"'Parade' Interview Fails to Note Bhutto's Death"

ANDREA SEABROOK, host:

From NPR News, this is ALL THINGS CONSIDERED. I'm Andrea Seabrook.

You have flipped through your supplements of your local newspaper this morning and thought you were reading an old issue. If your Sunday paper carries Parade magazine, as more than 400 do around the country, you would have seen this headline today: Is Benazir Bhutto America's Best Hope Against al-Qaida.

As you surely know, the Pakistani opposition leader was assassinated 10 days ago. But Parade magazine had already gone to press before that with writer Gail Sheehy's story about Bhutto. If you're a careful reader, you might have seen a brief editor's note in the front section of your newspaper - not the Parade magazine - alerting you to the fact that the Bhutto story had not been updated.

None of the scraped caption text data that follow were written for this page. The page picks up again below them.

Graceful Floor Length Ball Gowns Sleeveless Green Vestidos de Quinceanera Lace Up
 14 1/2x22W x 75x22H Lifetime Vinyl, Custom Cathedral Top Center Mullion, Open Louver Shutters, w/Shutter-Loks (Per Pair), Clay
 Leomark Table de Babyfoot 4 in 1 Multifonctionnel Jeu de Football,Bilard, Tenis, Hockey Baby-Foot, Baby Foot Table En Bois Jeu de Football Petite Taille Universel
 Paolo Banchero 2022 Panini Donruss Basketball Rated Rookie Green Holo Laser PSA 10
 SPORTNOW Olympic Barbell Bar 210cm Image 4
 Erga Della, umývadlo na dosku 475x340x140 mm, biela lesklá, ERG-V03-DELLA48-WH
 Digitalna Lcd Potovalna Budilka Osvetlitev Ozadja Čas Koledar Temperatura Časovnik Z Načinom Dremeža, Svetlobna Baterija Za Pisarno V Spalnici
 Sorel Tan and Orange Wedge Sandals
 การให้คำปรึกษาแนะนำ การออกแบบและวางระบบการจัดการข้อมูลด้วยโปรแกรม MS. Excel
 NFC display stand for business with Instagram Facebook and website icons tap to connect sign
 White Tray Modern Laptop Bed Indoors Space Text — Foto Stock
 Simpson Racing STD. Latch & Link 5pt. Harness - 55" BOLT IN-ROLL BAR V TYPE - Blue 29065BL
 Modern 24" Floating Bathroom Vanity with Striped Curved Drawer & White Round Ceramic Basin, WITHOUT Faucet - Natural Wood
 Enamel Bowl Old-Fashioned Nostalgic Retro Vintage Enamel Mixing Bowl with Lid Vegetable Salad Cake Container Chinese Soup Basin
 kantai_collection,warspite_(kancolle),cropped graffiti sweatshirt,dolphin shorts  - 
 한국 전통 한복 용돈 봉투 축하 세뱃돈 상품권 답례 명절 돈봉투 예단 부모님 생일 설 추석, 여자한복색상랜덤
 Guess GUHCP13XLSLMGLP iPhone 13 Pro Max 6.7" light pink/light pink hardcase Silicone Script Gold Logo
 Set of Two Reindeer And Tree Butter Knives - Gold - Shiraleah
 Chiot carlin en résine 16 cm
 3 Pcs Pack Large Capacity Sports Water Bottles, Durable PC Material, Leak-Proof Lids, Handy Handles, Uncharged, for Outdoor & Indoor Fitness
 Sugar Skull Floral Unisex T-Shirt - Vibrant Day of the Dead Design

Parade's publisher Randy Siegel explains what happened.

Mr. RANDY SIEGEL (President, Parade Publication): We have a contract with five printing presses across the country that we do not own. When you're printing 32 million copies, you have different constraints. And it's not like publishing a daily newspaper, it's just simply different. Every week, it costs several million dollars to print and distribute Parade, and I never justified our decision by saying it was a financial decision because it would have caused several million dollars to do. But that's not the reason - the rational for doing it. We believe that what Benazir Bhutto had to say should be heard and this story deserved to be told.

SEABROOK: Still, some readers commented on the magazine's Web site, calling the decision to run the story irresponsible, tasteless and disrespectful. One thing that may have confused some readers is that Parade magazine looks like the newspaper it comes with. It has the papers masthead.

The Chicago Tribune's public editor, Tim McNulty, suggests his paper should perhaps consider whether to drop the Tribune's branding because Parade's deadlines are so different from the Tribs.

Mr. TIM McNULTY (Public Editor, The Chicago Tribune) Our editorial judgment would have been different. We never would have published something ourselves that we had worked on without an update. So we thought of if not as a journalistic issue for us but as a contractual one.

SEABROOK: Now, this isn't the first time Parade magazine has been caught between the news and its early deadline.

Mr. SIEGEL: Around the time of the tragic assassination of John F. Kennedy, there was a story that went to press about a White House celebration that created some awkward circumstances because it went to press before President Kennedy was killed.